## WHAT THE EXERCISE ASKS
Please report every line in the material below where the word "Bracelet" is found.

## DATASET EXTRACT
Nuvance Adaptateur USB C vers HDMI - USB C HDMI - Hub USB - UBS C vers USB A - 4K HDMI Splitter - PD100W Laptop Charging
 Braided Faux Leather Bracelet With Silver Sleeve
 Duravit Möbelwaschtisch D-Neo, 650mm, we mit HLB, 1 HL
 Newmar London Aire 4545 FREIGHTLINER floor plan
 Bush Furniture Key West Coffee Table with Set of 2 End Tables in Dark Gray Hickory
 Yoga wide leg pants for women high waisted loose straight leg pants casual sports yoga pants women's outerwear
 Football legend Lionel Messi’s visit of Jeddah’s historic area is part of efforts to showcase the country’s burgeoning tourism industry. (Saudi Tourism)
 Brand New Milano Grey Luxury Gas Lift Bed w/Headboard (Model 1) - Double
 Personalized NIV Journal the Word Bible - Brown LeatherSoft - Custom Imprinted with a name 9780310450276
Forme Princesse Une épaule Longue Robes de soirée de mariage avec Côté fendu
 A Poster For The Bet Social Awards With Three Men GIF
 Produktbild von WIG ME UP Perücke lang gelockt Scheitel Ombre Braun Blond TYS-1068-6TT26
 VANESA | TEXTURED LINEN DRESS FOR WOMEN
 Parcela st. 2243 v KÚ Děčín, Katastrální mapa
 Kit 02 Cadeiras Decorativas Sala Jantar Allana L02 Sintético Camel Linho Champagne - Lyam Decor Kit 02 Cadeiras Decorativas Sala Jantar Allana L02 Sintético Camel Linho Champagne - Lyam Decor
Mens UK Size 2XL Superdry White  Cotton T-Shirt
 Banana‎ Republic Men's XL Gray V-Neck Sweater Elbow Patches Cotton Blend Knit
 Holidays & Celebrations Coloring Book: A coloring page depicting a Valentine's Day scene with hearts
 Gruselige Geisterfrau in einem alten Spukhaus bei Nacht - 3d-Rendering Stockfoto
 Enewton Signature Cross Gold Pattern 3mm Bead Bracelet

## RESULT OF THIS TASK
 Braided Faux Leather Bracelet With Silver Sleeve
 Enewton Signature Cross Gold Pattern 3mm Bead Bracelet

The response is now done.